How to read the result

Overhead is total operating expense divided by annual collections. A practice collecting $900,000 with $558,000 in operating expenses is running at about 62% overhead before owner pay. Moving from 62% to 59% on that same collection base is a $27,000 swing before owner pay, income tax, and distributions.

ADA News cites fixed expenses around 4% to 7% of production, variable costs around 45% to 55%, industry-wide overhead around 62%, and a 59% general-practice target referenced by Levin Group. Those figures are context, not a verdict. Specialty mix, growth stage, owner compensation model, DSO affiliation, real-estate structure, and local labor costs can all change what is reasonable.

Use it as a decision filter

  • - Staff: test whether a new hire pays for itself through increased collections or lower bottlenecks.
  • - Lab and supplies: quantify the annual value of a percentage-point change before switching vendors.
  • - Facility: compare rent, utilities, and expansion costs against expected collection lift.
  • - Software: model subscription and admin cost against fewer missed claims, no-shows, or manual hours.
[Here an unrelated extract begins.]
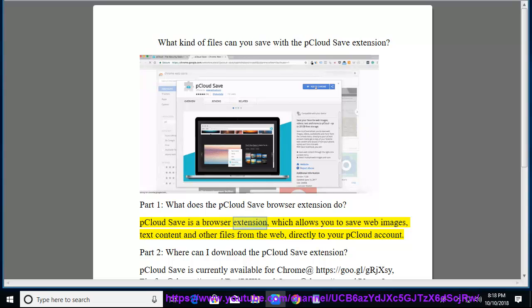pCloud Save is a browser extension which allows you to save web images, text content, and other files from the web directly to your pCloud account.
Frequently asked questions

What is dental practice overhead?
Dental practice overhead is operating expense as a percentage of collections, usually before doctor or owner compensation, income tax, and distributions. This calculator adds entered expense categories, divides by annual collections, and compares the result with a chosen target.
What overhead benchmark should a dental practice compare against?
An ADA News expense-management article cites industry-wide practice overhead around 62% and a 59% general-practice target referenced by Levin Group. Treat those as planning context, not a rule for every specialty, market, owner model, or growth stage.
Which expenses should be excluded?
For a clean overhead read, keep owner or doctor compensation, income taxes, distributions, and one-time personal expenses out of the operating-expense lines. Include ordinary staff, facility, lab, supply, marketing, software, equipment, debt-service, and administrative costs.
Dentovio is an independent educational publisher. This tool is for planning only; ask a CPA, practice-management consultant, lender, attorney, or qualified advisor to review decisions specific to your practice.